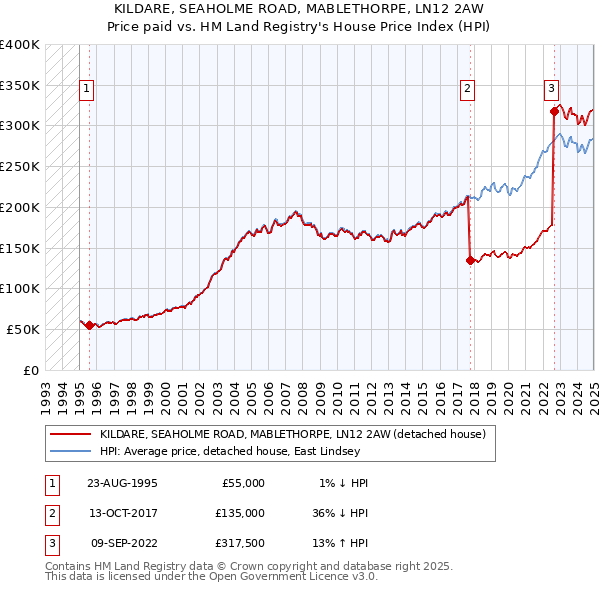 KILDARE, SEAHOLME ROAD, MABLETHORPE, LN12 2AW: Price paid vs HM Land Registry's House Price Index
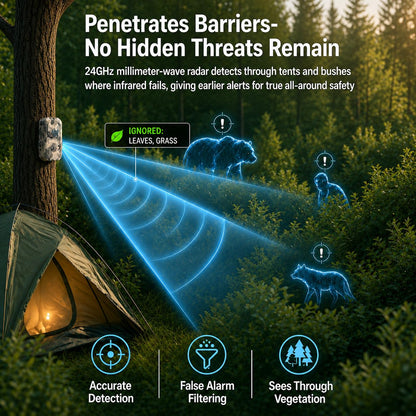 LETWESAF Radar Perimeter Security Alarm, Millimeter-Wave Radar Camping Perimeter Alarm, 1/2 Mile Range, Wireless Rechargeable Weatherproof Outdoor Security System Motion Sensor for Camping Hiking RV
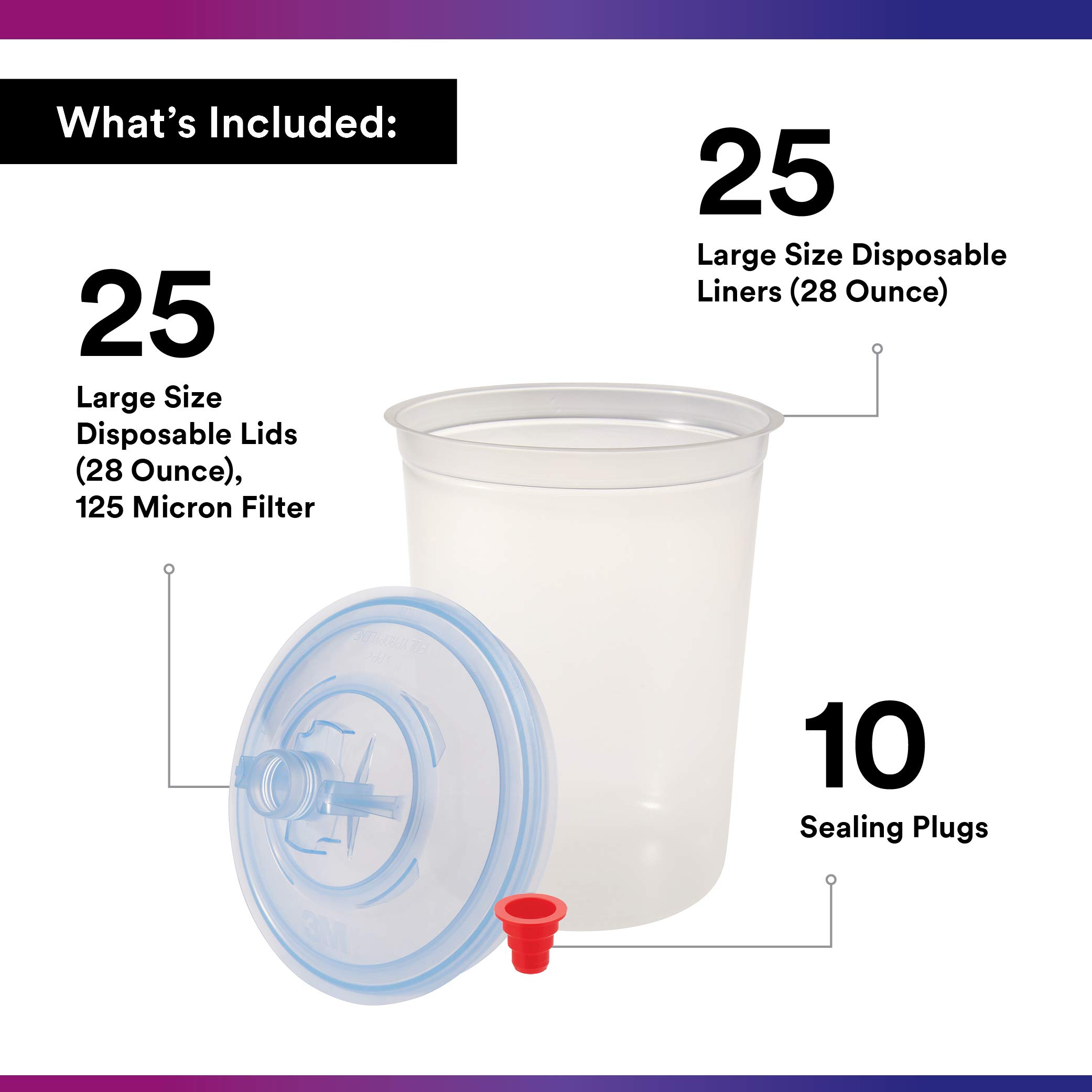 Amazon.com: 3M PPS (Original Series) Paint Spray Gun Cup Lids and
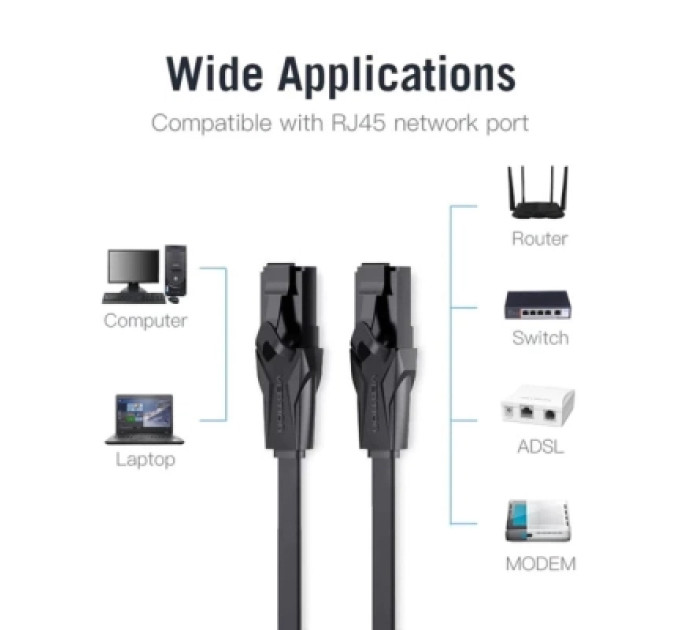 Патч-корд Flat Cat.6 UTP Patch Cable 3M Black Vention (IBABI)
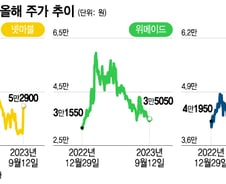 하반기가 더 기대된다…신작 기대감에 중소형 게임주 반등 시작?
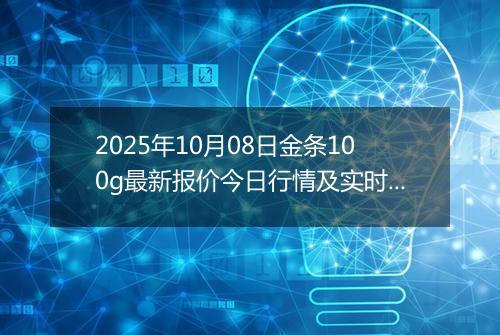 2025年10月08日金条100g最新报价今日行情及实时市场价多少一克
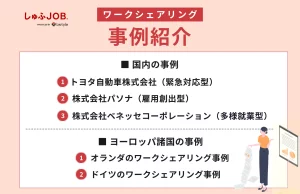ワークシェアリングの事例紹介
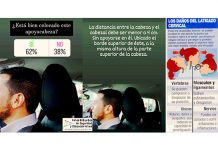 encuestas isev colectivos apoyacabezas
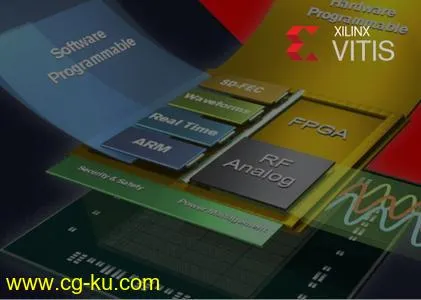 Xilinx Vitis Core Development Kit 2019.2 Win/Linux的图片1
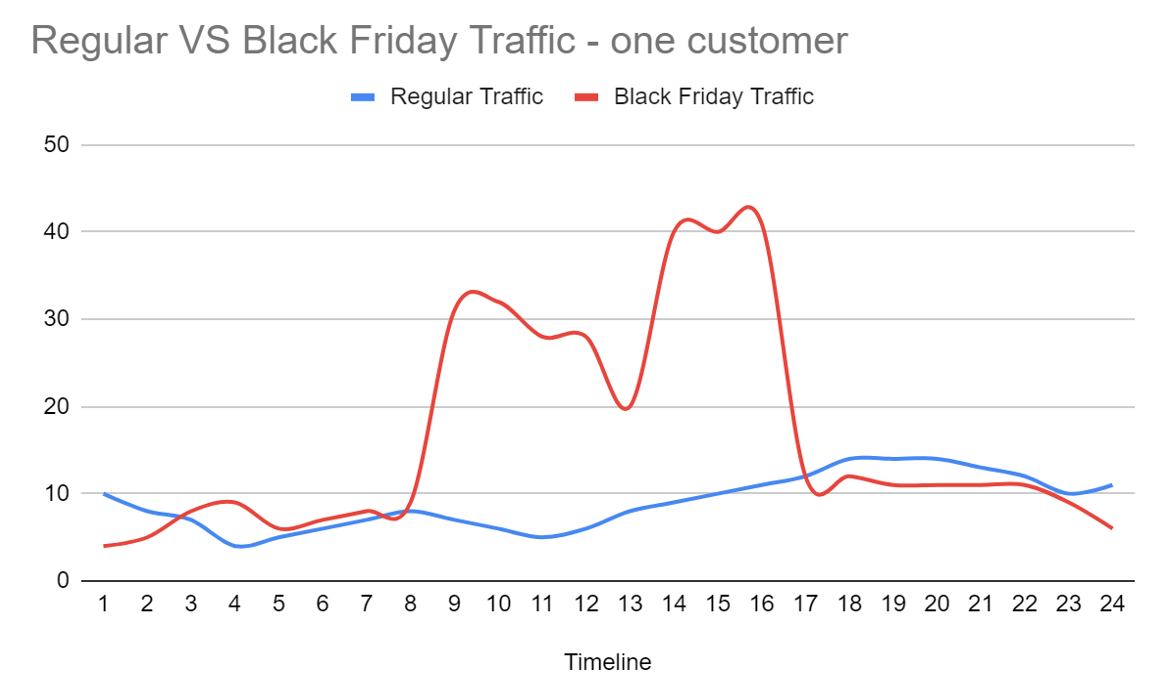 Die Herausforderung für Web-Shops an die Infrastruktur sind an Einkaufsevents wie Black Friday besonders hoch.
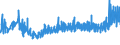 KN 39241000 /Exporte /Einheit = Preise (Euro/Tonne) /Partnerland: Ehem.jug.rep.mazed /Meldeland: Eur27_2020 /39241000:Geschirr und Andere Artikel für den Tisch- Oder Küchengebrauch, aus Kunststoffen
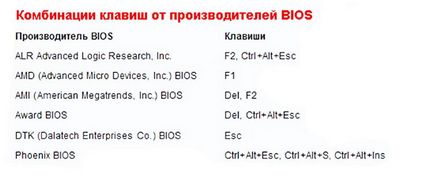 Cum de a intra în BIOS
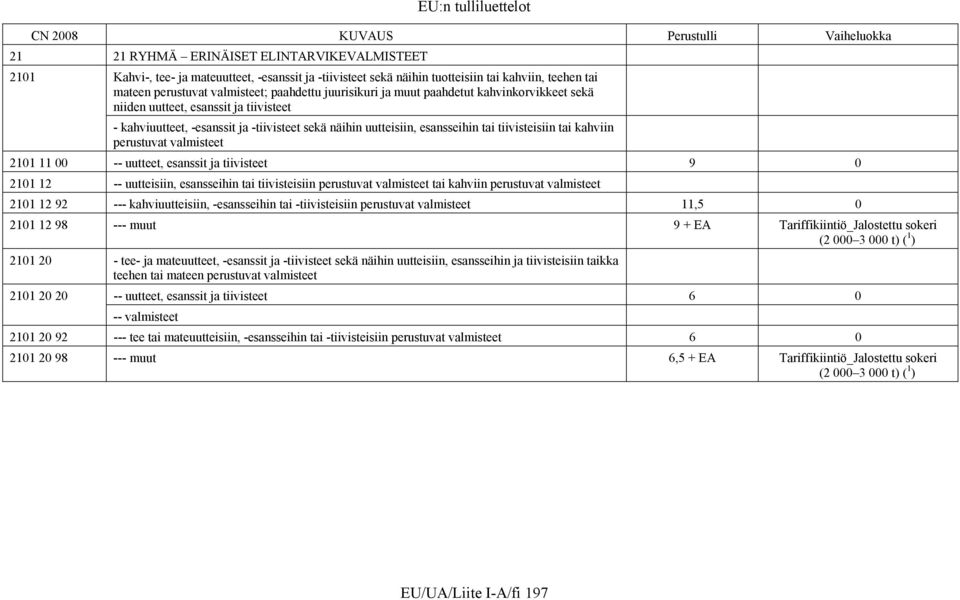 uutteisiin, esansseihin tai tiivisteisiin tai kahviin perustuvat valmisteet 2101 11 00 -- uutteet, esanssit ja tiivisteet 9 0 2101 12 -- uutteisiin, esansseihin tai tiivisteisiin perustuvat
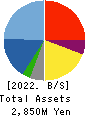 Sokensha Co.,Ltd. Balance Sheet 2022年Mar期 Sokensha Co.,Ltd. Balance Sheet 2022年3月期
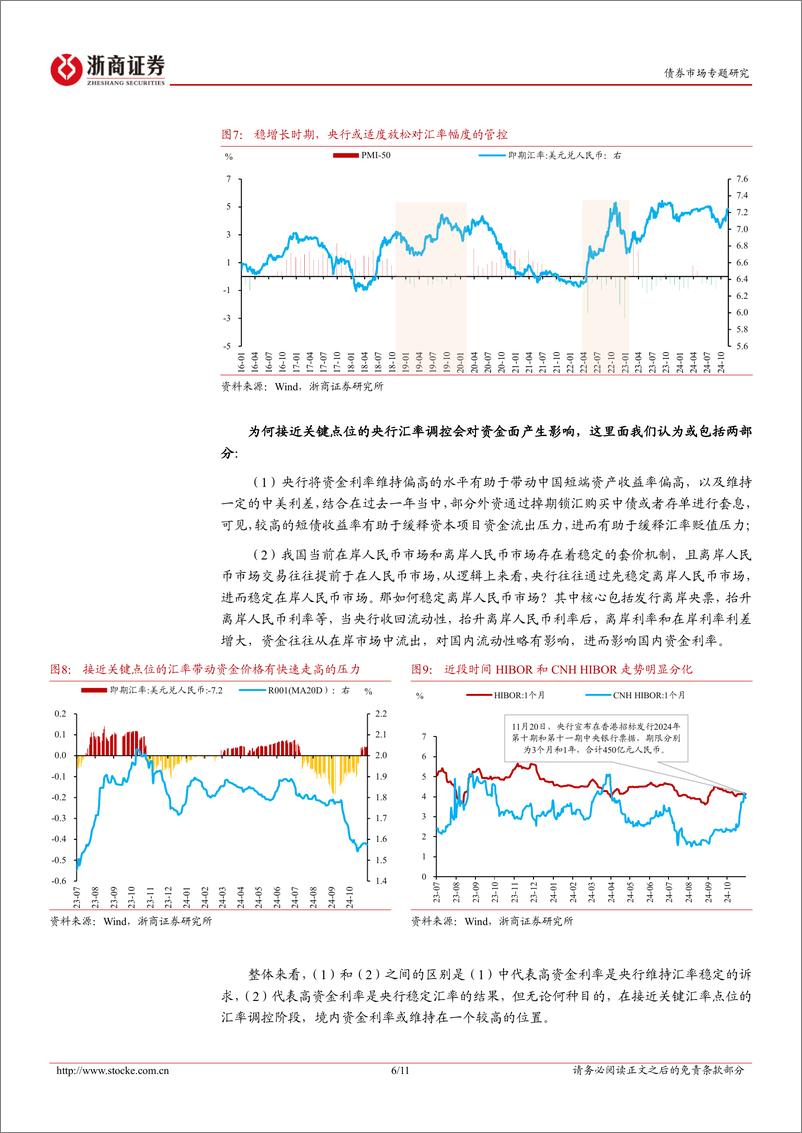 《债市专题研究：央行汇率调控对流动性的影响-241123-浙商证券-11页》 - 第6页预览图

# The problem:
Looking above, find the stretch of lines that opens with the one holding "LETWESAF Radar Perimeter" and closes with the one holding "Cum de a intra în BIOS". Copy it exactly, pictures excluded.

# Written solution:
 LETWESAF Radar Perimeter Security Alarm, Millimeter-Wave Radar Camping Perimeter Alarm, 1/2 Mile Range, Wireless Rechargeable Weatherproof Outdoor Security System Motion Sensor for Camping Hiking RV
 Amazon.com: 3M PPS (Original Series) Paint Spray Gun Cup Lids and
 Патч-корд Flat Cat.6 UTP Patch Cable 3M Black Vention (IBABI)
 하반기가 더 기대된다…신작 기대감에 중소형 게임주 반등 시작?
 2025年10月08日金条100g最新报价今日行情及实时市场价多少一克
ワークシェアリングの事例紹介
 encuestas isev colectivos apoyacabezas
 Xilinx Vitis Core Development Kit 2019.2 Win/Linux的图片1
 Die Herausforderung für Web-Shops an die Infrastruktur sind an Einkaufsevents wie Black Friday besonders hoch.
 KN 39241000 /Exporte /Einheit = Preise (Euro/Tonne) /Partnerland: Ehem.jug.rep.mazed /Meldeland: Eur27_2020 /39241000:Geschirr und Andere Artikel für den Tisch- Oder Küchengebrauch, aus Kunststoffen
 Cum de a intra în BIOS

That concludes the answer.